> **DIRECTIONS**
Your whole reply should be the lines from the one that contains "Apartment Buda Boutique Budapest" through the last line of the listing, copied exactly.

(DATA UNDER STUDY)

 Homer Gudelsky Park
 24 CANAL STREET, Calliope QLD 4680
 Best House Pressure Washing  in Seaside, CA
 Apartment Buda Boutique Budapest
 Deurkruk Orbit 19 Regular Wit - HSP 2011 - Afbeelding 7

(End DATA UNDER STUDY)

> **THE ANSWER**
 Apartment Buda Boutique Budapest
 Deurkruk Orbit 19 Regular Wit - HSP 2011 - Afbeelding 7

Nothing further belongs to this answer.